> _Available records_:

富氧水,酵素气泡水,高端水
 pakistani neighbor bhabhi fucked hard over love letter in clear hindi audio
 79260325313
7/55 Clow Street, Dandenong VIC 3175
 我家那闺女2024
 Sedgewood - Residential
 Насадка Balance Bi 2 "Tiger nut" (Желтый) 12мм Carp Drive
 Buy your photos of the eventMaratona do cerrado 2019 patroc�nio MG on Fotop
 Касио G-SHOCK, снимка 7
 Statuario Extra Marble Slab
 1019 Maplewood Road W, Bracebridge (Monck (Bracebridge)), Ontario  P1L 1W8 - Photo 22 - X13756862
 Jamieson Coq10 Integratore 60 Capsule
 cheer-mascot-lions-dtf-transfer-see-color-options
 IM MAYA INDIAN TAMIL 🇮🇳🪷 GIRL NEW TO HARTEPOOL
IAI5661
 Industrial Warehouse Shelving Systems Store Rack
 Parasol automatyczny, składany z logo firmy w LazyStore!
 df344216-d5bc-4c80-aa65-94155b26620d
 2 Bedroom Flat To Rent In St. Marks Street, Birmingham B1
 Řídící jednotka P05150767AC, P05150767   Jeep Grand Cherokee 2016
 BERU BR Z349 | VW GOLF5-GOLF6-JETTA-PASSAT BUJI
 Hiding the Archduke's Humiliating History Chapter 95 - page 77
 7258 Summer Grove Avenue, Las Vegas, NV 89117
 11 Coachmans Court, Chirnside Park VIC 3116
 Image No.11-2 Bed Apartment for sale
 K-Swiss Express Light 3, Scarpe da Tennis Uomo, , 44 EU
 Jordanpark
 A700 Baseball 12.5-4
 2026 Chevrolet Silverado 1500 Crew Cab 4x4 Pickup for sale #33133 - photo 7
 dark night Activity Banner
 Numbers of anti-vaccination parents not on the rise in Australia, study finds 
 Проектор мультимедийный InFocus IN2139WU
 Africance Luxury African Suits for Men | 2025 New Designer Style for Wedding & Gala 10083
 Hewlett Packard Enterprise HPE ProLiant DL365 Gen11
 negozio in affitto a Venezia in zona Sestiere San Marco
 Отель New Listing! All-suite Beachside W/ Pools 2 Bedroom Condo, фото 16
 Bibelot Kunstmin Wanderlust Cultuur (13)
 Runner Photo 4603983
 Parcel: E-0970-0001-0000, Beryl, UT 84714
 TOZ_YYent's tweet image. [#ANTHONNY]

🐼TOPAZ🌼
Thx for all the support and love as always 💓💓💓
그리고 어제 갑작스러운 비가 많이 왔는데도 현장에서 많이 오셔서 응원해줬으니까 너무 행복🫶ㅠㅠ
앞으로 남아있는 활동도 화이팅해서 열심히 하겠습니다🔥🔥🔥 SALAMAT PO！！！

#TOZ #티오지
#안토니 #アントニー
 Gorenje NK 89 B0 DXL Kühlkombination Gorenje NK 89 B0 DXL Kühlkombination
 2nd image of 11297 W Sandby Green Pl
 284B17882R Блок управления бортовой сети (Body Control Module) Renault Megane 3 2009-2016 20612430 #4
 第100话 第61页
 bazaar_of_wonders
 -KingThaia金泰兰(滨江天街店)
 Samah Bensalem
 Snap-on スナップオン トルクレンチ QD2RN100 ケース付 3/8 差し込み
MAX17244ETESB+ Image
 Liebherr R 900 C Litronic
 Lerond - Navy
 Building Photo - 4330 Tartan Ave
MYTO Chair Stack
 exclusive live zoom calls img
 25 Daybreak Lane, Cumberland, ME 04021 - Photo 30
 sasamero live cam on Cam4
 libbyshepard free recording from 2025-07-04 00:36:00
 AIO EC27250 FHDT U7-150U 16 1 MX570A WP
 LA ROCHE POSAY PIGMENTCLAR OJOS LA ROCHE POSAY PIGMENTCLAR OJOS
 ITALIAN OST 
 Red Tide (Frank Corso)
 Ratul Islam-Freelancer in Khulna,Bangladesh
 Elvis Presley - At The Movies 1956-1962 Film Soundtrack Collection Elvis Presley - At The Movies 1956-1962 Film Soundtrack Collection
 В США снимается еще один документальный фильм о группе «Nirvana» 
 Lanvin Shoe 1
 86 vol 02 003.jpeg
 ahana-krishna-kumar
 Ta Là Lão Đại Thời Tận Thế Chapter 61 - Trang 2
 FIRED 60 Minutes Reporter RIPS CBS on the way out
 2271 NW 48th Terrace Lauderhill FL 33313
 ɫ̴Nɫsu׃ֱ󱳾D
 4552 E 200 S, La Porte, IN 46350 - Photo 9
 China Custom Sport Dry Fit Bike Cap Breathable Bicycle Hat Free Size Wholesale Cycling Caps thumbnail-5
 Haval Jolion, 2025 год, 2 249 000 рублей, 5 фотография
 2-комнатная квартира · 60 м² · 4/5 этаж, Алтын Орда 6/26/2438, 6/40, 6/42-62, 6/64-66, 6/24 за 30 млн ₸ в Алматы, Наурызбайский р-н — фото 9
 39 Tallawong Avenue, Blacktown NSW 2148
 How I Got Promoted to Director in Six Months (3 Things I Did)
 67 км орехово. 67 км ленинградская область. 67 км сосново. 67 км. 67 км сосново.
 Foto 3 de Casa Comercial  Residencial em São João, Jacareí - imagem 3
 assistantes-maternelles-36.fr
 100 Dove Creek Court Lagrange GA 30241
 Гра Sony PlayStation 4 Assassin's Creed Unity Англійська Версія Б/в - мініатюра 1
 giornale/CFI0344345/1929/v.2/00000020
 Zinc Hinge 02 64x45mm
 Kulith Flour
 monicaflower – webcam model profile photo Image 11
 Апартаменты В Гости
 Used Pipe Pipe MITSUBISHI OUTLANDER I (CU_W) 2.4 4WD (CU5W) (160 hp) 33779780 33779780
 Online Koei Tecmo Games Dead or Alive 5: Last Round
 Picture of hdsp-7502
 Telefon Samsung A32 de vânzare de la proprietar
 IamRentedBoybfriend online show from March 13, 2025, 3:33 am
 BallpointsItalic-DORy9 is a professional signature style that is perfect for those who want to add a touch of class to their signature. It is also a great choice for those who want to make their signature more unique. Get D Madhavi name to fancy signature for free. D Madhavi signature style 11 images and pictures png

> _What to work on_: The required answer is the exact run of lines above starting at the line with "ahana-krishna-kumar" and ending at the line with "China Custom Sport", with both ends present.

> _Reply_:
 ahana-krishna-kumar
 Ta Là Lão Đại Thời Tận Thế Chapter 61 - Trang 2
 FIRED 60 Minutes Reporter RIPS CBS on the way out
 2271 NW 48th Terrace Lauderhill FL 33313
 ɫ̴Nɫsu׃ֱ󱳾D
 4552 E 200 S, La Porte, IN 46350 - Photo 9
 China Custom Sport Dry Fit Bike Cap Breathable Bicycle Hat Free Size Wholesale Cycling Caps thumbnail-5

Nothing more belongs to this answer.